Learn how PurpleSec can help mitigate the latest cyber attacks and improve security ROI.
Authors: Michael Swanagan, CISSP, CISA, CISM / Last updated: 10/17/22
Reviewed By: Rich Selvidge, CISSP, Seth Kimmel, OSCP
View Our: Editorial Process
Network attacks can be prevented by Using an Anti-virus solution, implementing a network monitoring tool, Avoiding trust relationships with unknown entities, Enabling cryptographic network protocols, Blocking directed broadcast traffic coming into the network, Deploying inline or scrubbing DDoS mitigation technology, and more.
Network security attacks have become more common in recent years in part because small and mid-sized businesses are not making investments into securing their systems fast enough.
As a result, hackers target businesses because their systems are often easier to compromise. Other reasons include a rise in hacktivism, bring your own device (BYOD) use, and cloud-based applications.
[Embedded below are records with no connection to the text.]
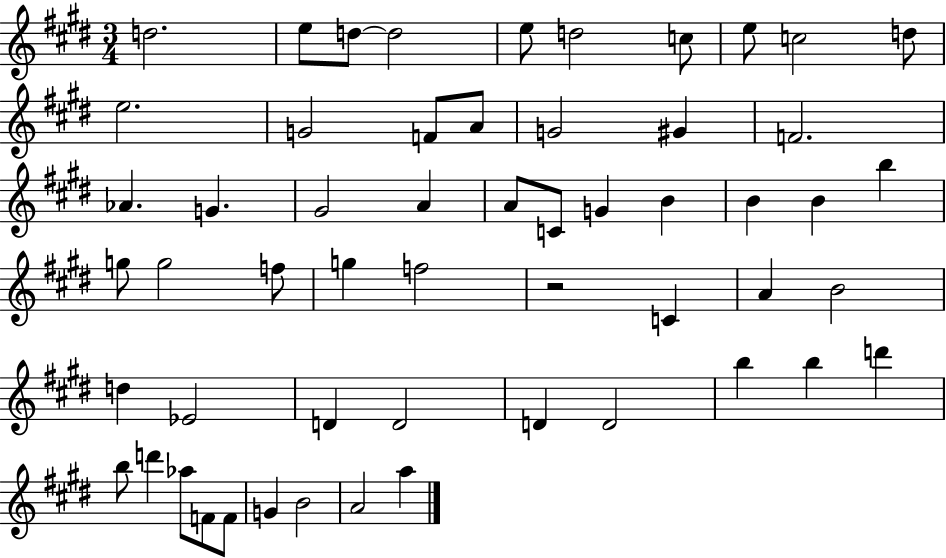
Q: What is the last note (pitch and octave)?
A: A5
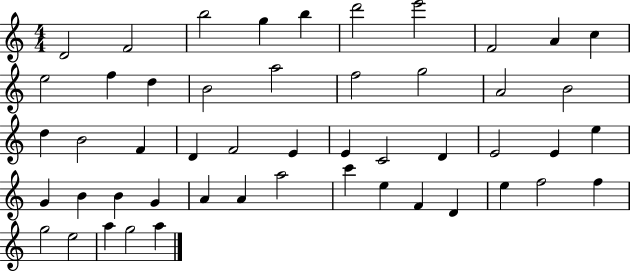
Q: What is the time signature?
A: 4/4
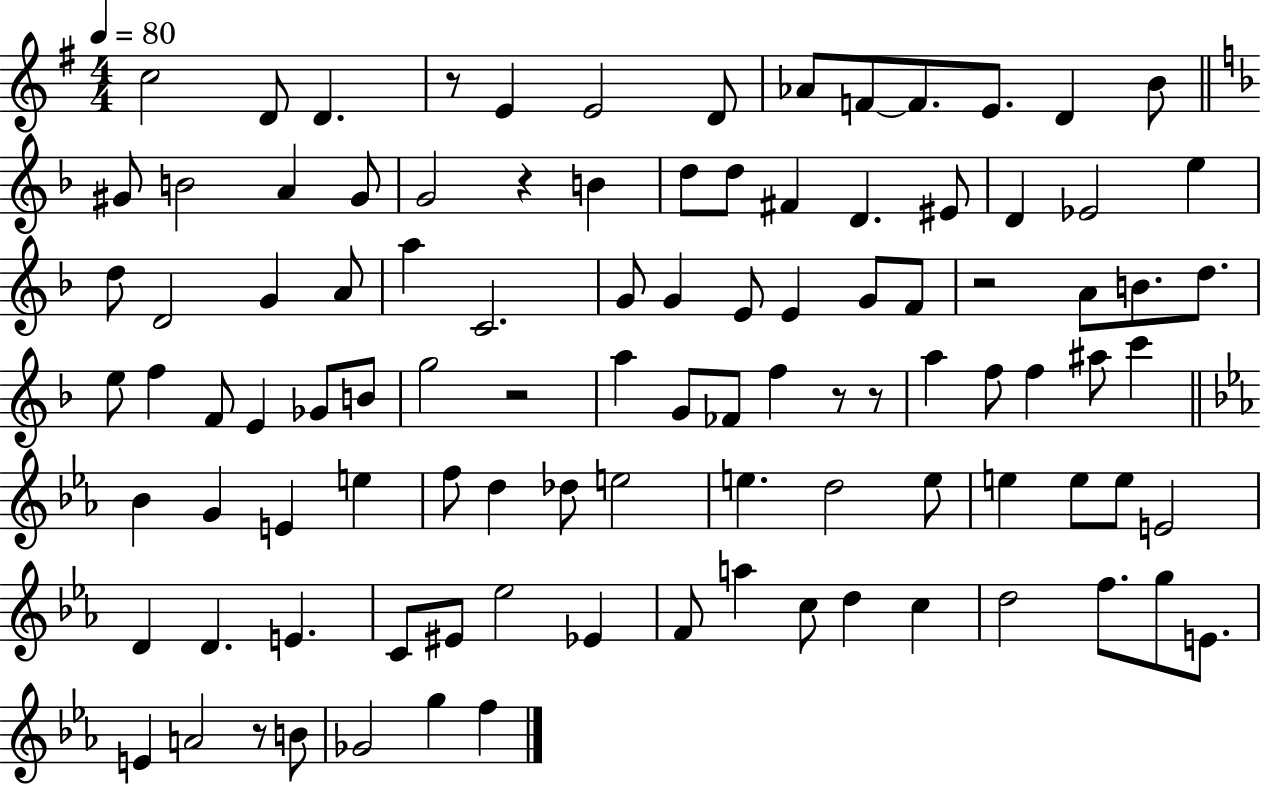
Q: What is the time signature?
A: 4/4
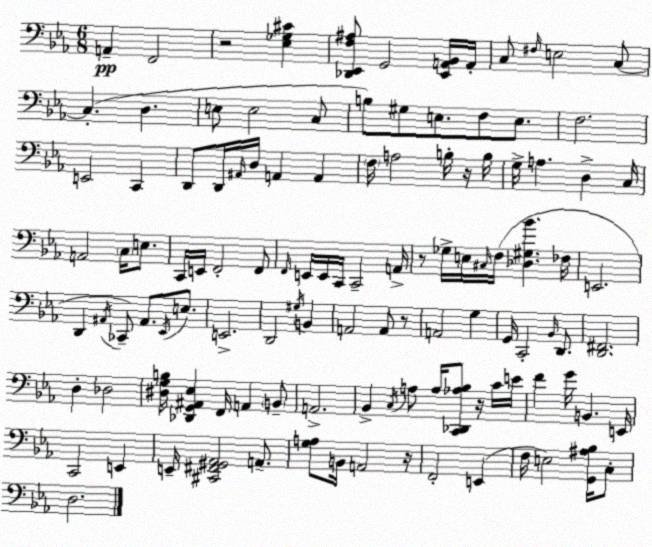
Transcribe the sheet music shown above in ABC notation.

X:1
T:Untitled
M:6/8
L:1/4
K:Eb
A,, F,,2 z2 [_E,_G,^C] [_D,,_E,,F,^A,]/2 G,,2 [_E,,A,,_B,,]/4 A,,/4 C,/2 ^F,/4 E,2 C,/2 C, D, E,/2 E,2 C,/2 B,/2 ^G,/2 E,/2 F,/2 E,/2 F,2 E,,2 C,, D,,/2 D,,/4 ^A,,/4 D,/4 A,, A,, F,/4 A,2 B,/4 z/4 B,/4 G,/4 A, D, C,/4 A,,2 C,/4 E,/2 C,,/4 E,,/4 F,,2 F,,/2 F,,/4 E,,/4 E,,/4 C,,/4 C,,2 A,,/4 z/2 _G,/4 E,/4 ^C,/4 F,/4 [_D,^G,_B] _F,/4 E,,2 D,, ^A,,/4 _C,,/2 ^A,,/2 _E,,/4 E,/2 E,,2 D,,2 ^G,/4 B,, A,,2 A,,/2 z/2 A,,2 G, G,,/4 C,,2 _B,,/4 D,,/2 [D,,^F,,]2 D, _D,2 [^D,G,B,]/4 [_D,,G,,^A,,_E,] F,,/4 A,, B,,/2 A,,2 _B,, C,/4 A,/2 A,/4 [C,,_D,,_A,_B,]/2 z/4 C/4 E/4 F G/4 B,, E,,/4 C,,2 E,, E,,/4 [^C,,^F,,^G,,_A,,]2 A,,/2 [G,A,]/2 B,,/4 A,,2 z/4 F,,2 E,, F,/4 E,2 [G,,^A,_B,]/4 C,/2 D,2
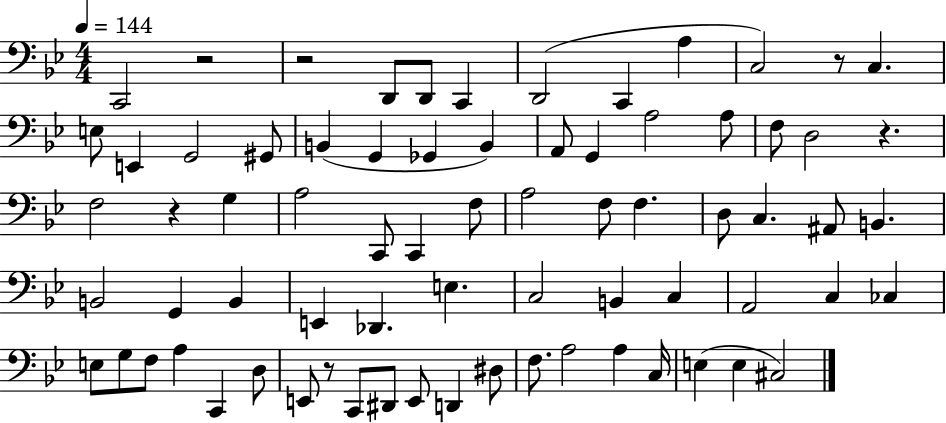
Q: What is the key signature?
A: BES major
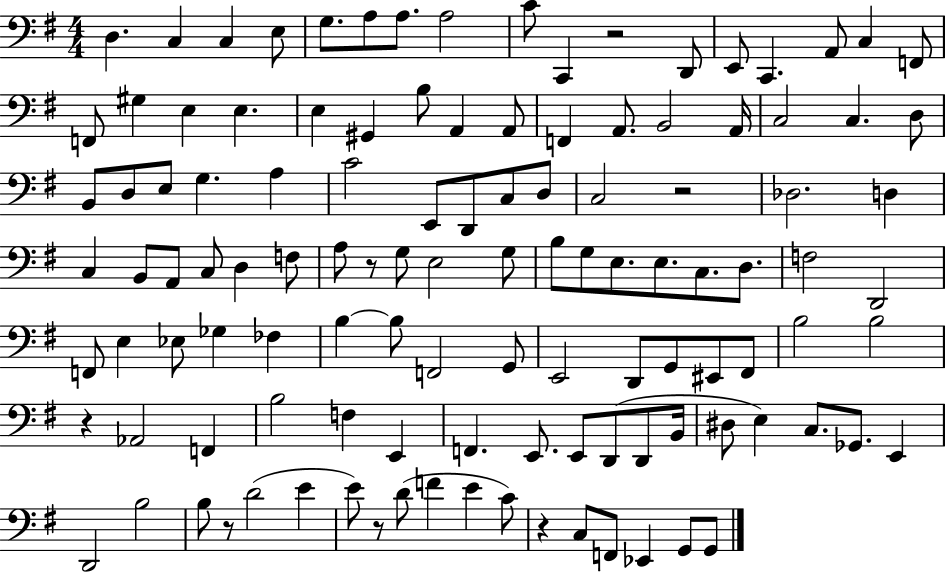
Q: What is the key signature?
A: G major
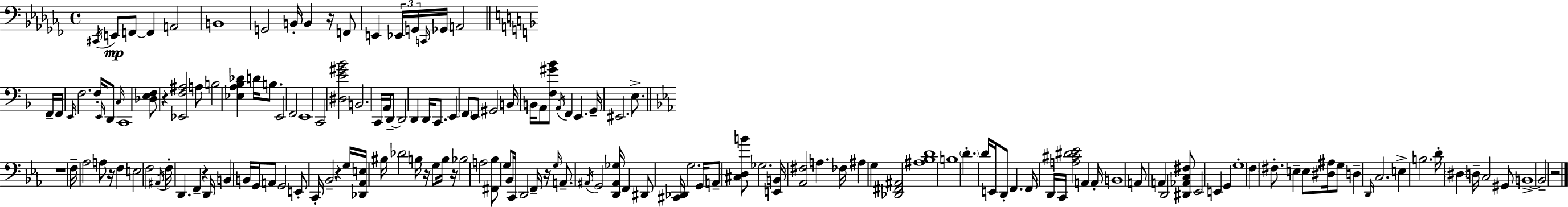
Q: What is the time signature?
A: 4/4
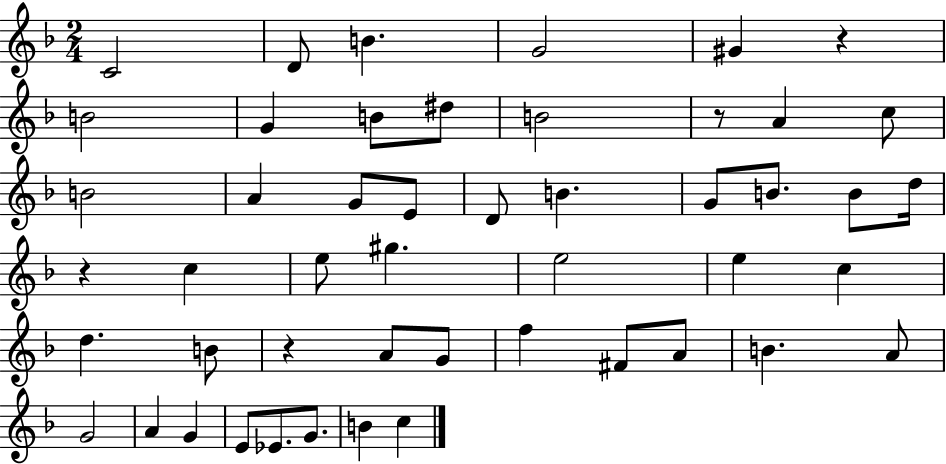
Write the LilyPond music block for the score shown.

This comprehensive list is by no means exhaustive. It is designed to provide context for the scale of techniques and types of security controls to prevent network attacks.
A network attack is an attempt to exploit a vulnerability or weakness on a network or its systems including servers, firewalls, computers, routers, switches, printers, and more. The goal of a network attack can be to steal, modify, or remove access to valuable data. Or, it could be to bring down a network.
Common types of network attacks include:
In a Denial Of Service (DoS) attack a malicious threat actor overloads a server with data preventing valid request coming from real clients on the network.
The server uses resources (CPU/RAM) to process each request, and when overloaded, the performance of the system can be slowed down to a crawl.
A DoS attack can also be performed on entire networks because the attack is targeted at the central router or firewall.
As a result, network bandwidth is compromised, which denies access to all systems on that network, not just the one.
A Distributed Denial Of Service Attack (DDoS) is an attack on a system that is launched from multiple sources and is intended to make a computer’s resources or services unavailable.
DDoS attacks typically include sustained, abnormally high network traffic.
The Mirai Botnet that launched a DDoS attack against the internet service provider Dyn causing outages for popular websites including Airbnb, Amazon, CNN, HBO, and Reddit.
It did this by connecting and controlling thousands of wireless internet connected devices and used their resources to power the attack against their servers.
In a buffer overflow attack, an application receives more input than it expects. As a result, the error exposes the system memory to a malicious threat.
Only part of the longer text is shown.